**** Data under study ****
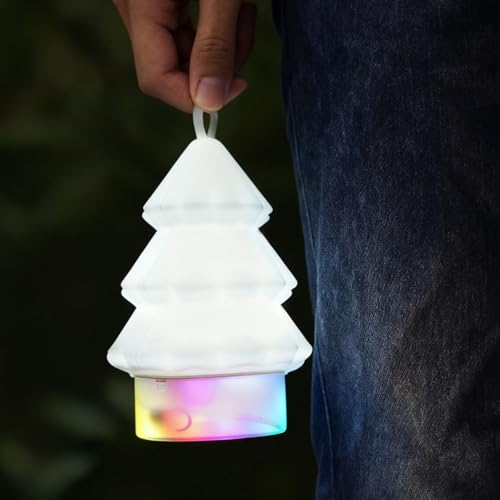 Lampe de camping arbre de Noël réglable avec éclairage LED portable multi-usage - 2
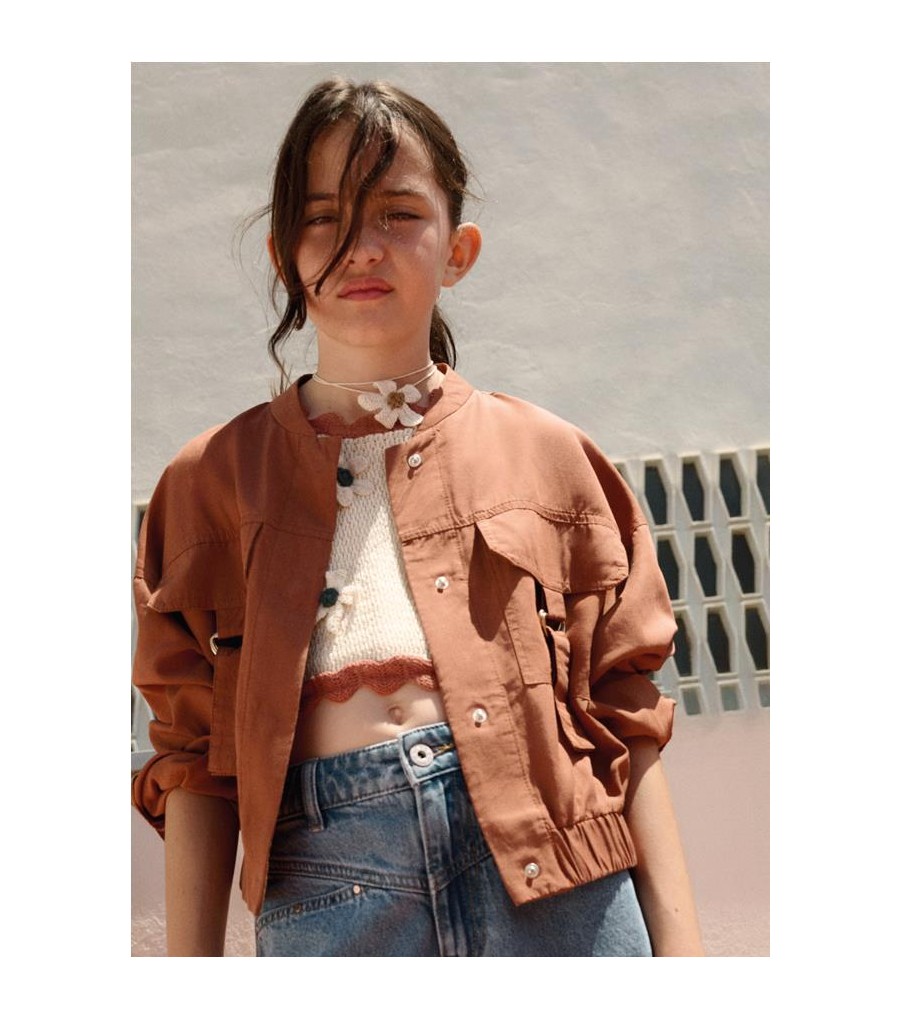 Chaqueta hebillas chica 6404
****
**** Data under study ****
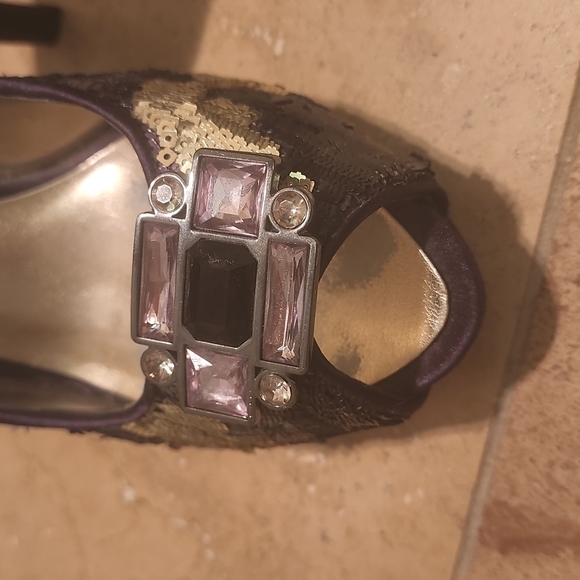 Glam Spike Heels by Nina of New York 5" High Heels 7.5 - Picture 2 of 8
****
• _What you need to do_
Look above for the line with "Lampe de camping" and the line with "Chaqueta hebillas chica 6404". Give again exactly those two lines and all lines between them, pictures excluded.

• _Answer box_
 Lampe de camping arbre de Noël réglable avec éclairage LED portable multi-usage - 2
 Chaqueta hebillas chica 6404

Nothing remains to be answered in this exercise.